Chapter 16 Convex optimization and gradient descent
(This chapter was scribed by Zhou Wang.)
In the next few chapters, we will discuss the basics of convex optimization as it applies to machine learning.
16.1 Introduction to convex problems
The central objects of our studies are convex functions and convex sets in \(\mathbb{R}^d\).
Definition 16.1 (Convex sets and convex functions) A set \(\mathcal{C}\subset\mathbb{R}^d\) is said to be convex if it contains all of its segments, that is \[\forall~(\boldsymbol x,\boldsymbol y,\gamma)\in\mathcal{C}\times\mathcal{C}\times[0,1], ~(1-\gamma)\boldsymbol x+\gamma \boldsymbol y\in\mathcal{C}.\] A function \(f:\mathcal{C}\to\mathbb{R}\) is said to be convex if it always lies below its chords, that is \[\forall~(\boldsymbol x,\boldsymbol y,\gamma)\in\mathcal{C}\times\mathcal{C}\times[0,1], ~f\left((1-\gamma)\boldsymbol x+\gamma \boldsymbol y\right)\leq(1-\gamma)f(\boldsymbol x)+\gamma f(\boldsymbol y).\]
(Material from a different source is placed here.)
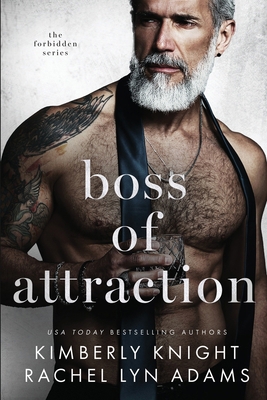 Boss of Attraction B0CZ9N3PY2 Book Cover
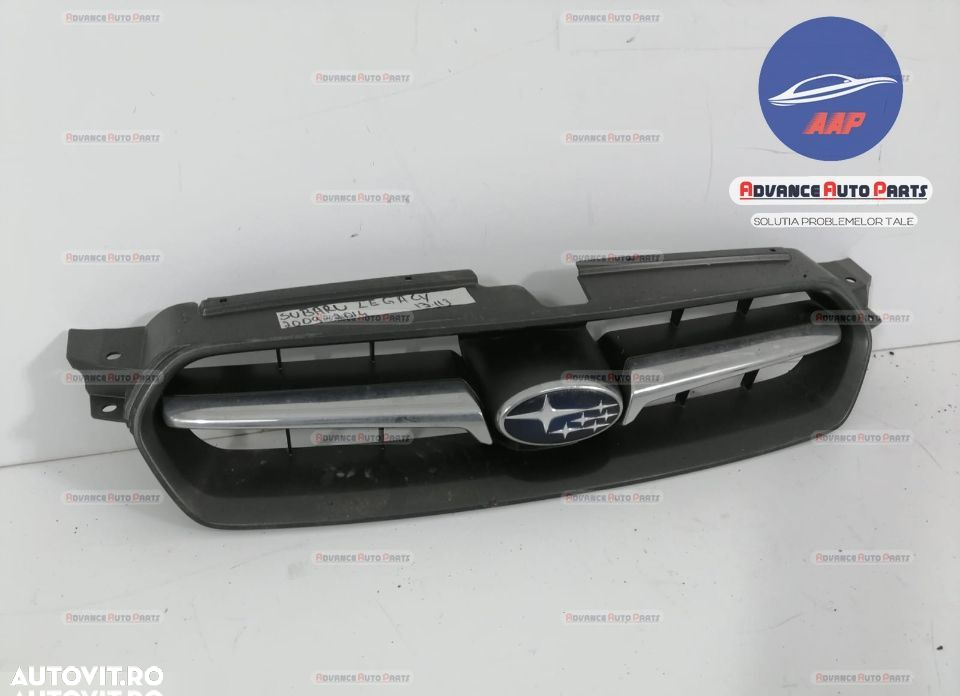 Grila Centrala originala Subaru  Legacy  5 [2009 - 2013] - 3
We are interested in algorithms that take as input a convex set \(\mathcal{C}\) and a convex function \(f\), and return the minimizer of \(f\) over \(\mathcal{C}\), i.e. \(\min f(\boldsymbol x), ~\mbox{s.t.}~ \boldsymbol x\in\mathcal{C}\). Many convex problems in machine learning take the form: \[\min\limits_{\boldsymbol x\in\mathbb{R}^d}\sum\limits_{i=1}^nf_i(\boldsymbol x)+\lambda\mathcal{R}(\boldsymbol x)\] or rather \(\min\limits_{\boldsymbol\beta\in\mathbb{R}^d}\sum\limits_{i=1}^n f_i(\boldsymbol \beta)+\lambda\mathcal{R}(\boldsymbol \beta)\), where \(f_1, \cdots, f_n\) are convex “cost” functions and \(\mathcal{R}\) is a convex regularization. For example:
- SVM: \(f_i(\boldsymbol\beta)=\max(0, 1-y_i\boldsymbol x_i^\top\boldsymbol\beta)\) and \(\mathcal{R}(\boldsymbol\beta)=\|\boldsymbol\beta\|^2_2\).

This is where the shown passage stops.